Мне так хочется иметь лошадь; мама мне обещает, тетя тоже. Когда она была вечером у себя, я вошла к ней своей легкой и стремительной походкой и просила ее об этом; она мне серьезно обещала. Я ложусь совершенно счастливая. Все мне говорят, что я хорошенькая, но сама я, право, этому не верю. Мое перо не может писать, оно так и летает! Я миленькая и только, иногда хорошенькая, но я счастлива!


У меня будет лошадь! Видано ли, чтобы у такой маленькой, как я, была своя лошадь! Я произведу фурор… А какие цвета жокею? Серый или ирис? Нет, зеленый и нежно-розовый. Лошадь специально для меня! Как я счастлива и довольна! Как не отлить бедным от моей слишком полной чаши.

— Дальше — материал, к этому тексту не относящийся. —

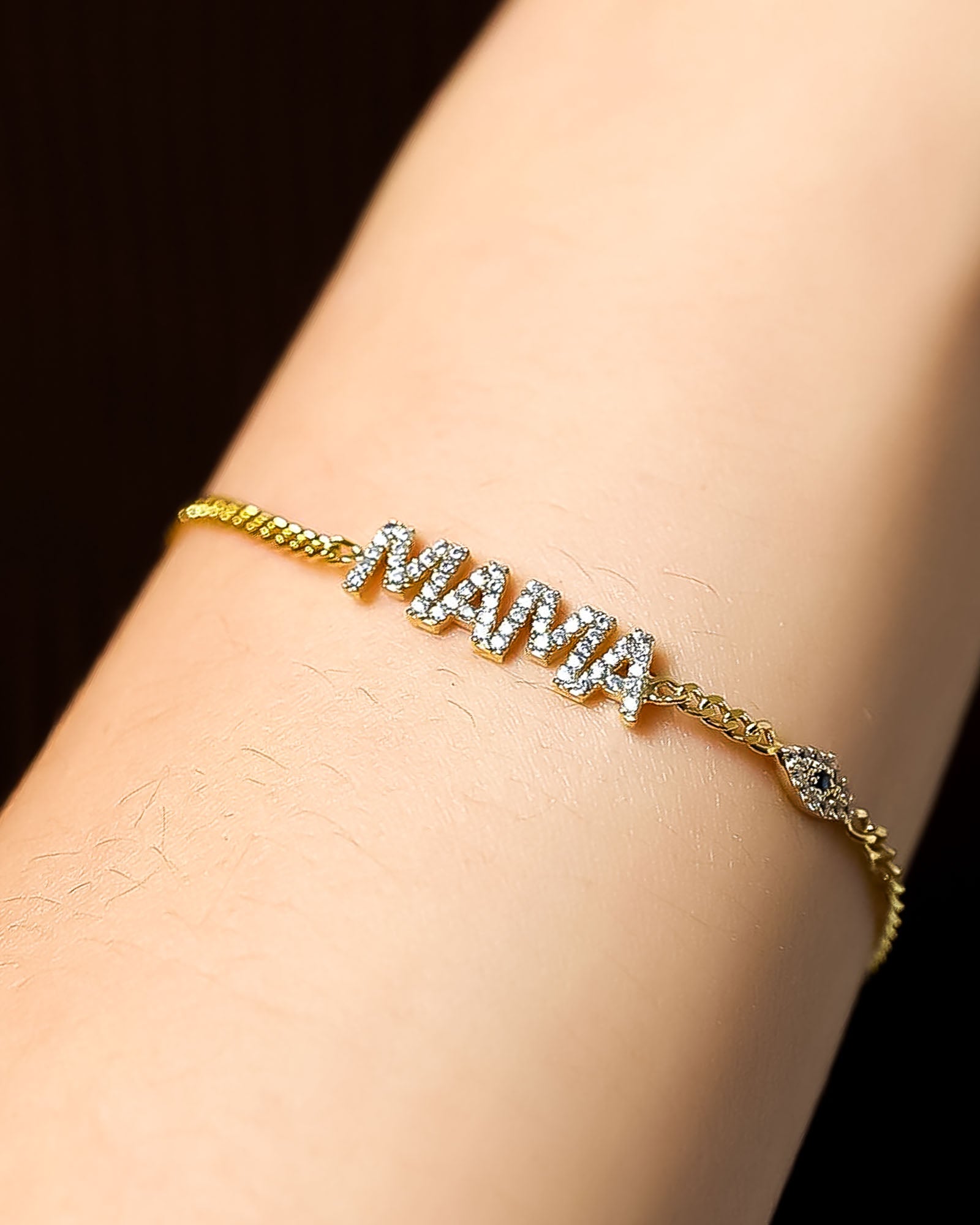 Gold Mama Bracelet, Cubic Zirconia,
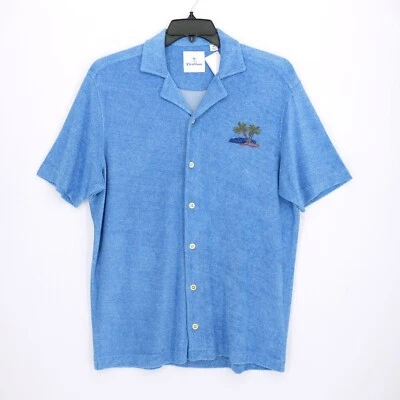 Roundtree Yorke Caribbean Short-Sleeve Shirt M Blue Palm Island Embroidered NWT - Image 1 of 4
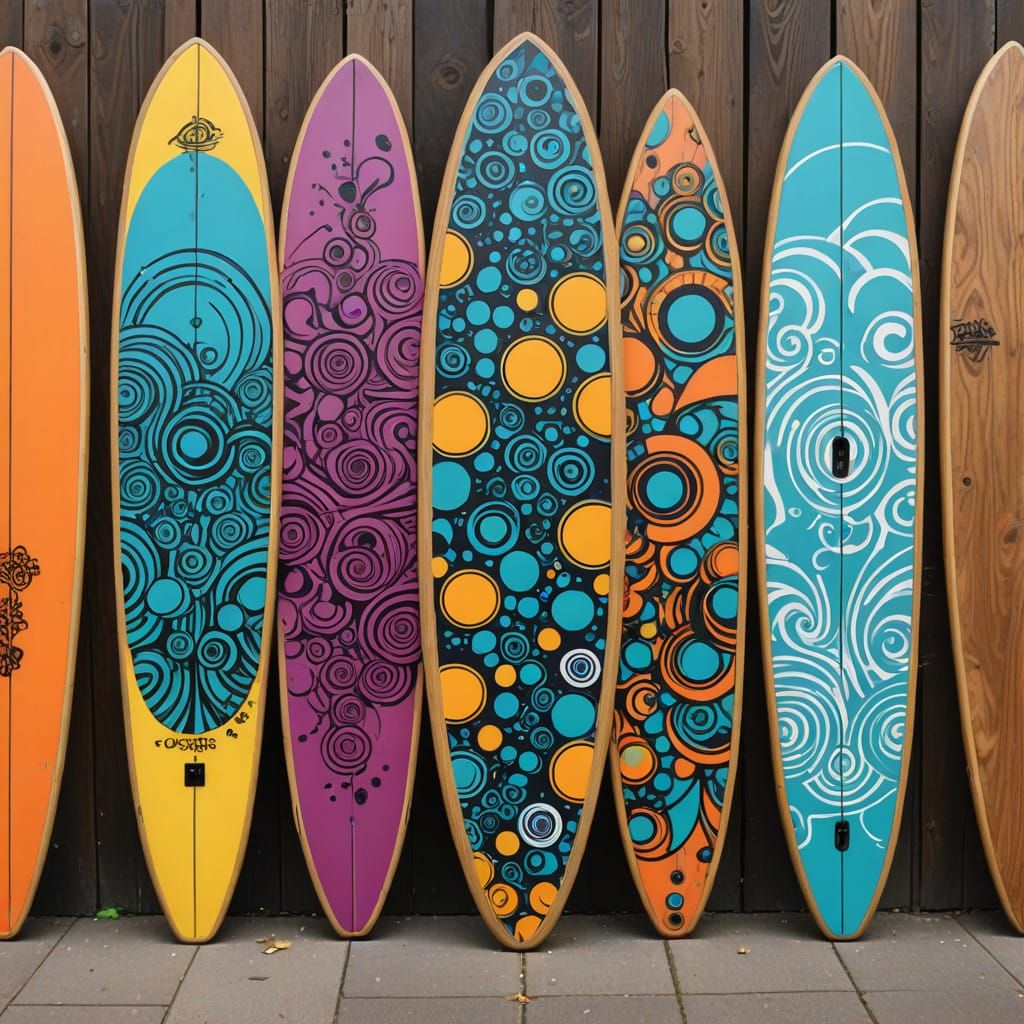 Street art on a wooden surfboard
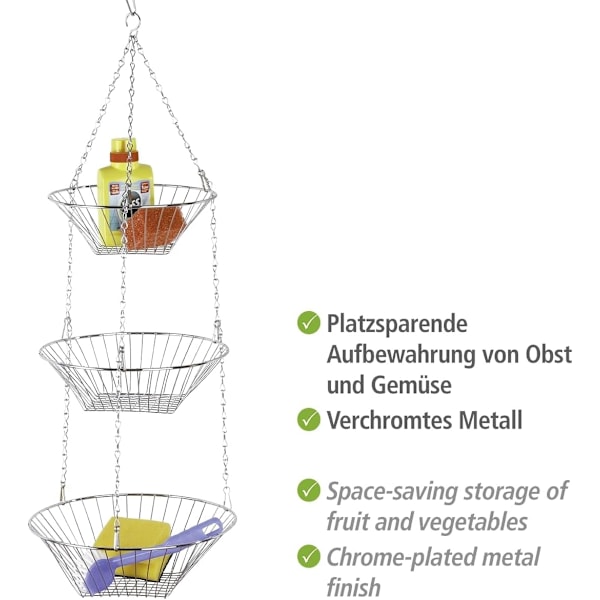 Elegant Korg för Frukt- och Grönsaksförvaring, Utrymmesbesparande Design för Kök och Hem, Silver, 3-Vånings Hängande Förvaringskollektion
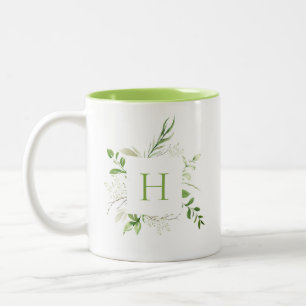 Elegant Wilde Botanische Monogram Tweekleurige Koffiemok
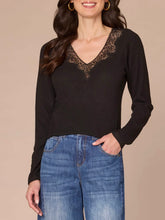 Load image into Gallery viewer, Crochet Knit Top - Black FINAL SALE
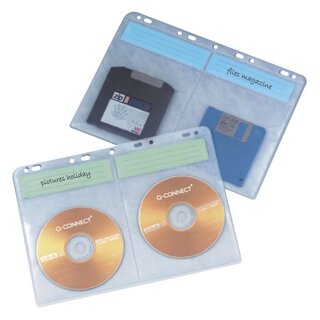 Q-Connect CD/DVD-Hüllen - Universallochung zur Ablage im Ordner/Ringbuch, transparent, Packung mit 10 Stück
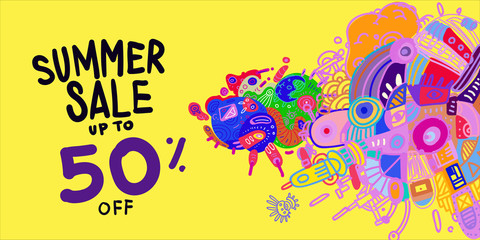 Summer Sale 50% discount Colorful Banner Doodle illustration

Мама дает мне деньги, половину я буду отдавать бедным.

Я прибрала мою комнату; она красивее без стола посередине; я поставила несколько безделушек, чернильницу, перо, два старых дорожных подсвечника, давно забытых в ящике. Вот как я устроилась.

Свет – это моя жизнь; он меня зовет, он меня манит, мне хочется бежать к нему. Я еще слишком молода для выездов; но я жду не дождусь этого времени; только если бы мама и тетя смогли стряхнуть свою лень… Свет не Ниццы, а свет Петербурга, Лондона, Парижа. Только там я могла бы дышать, так как стеснения светской жизни для меня приятны.

Поль еще не имеет вкуса, он не понимает женской красоты. Я слышала, как он называл красивыми страшных уродов. Он еще думает, что для того, чтобы быть хорошо одетым, надо быть элегантным; чтобы нравиться, надо быть внимательным. Я должна сообщить ему манеры и вкус. Я еще не имею на него сильного влияния, но надеюсь его иметь со временем. Уже теперь, едва заметным образом, я сообщаю ему мои взгляды, даю ему уроки самой строгой нравственности, но в легкой форме; это занимательно и в то же время полезно. Если он женится, он должен любить свою жену, только свою жену, словом, я надеюсь, если Бог позволит, вложить ему хорошие мысли.


Мы на пути в Вену. В общем отъезд был очень веселый. По обыкновению я была душой общества.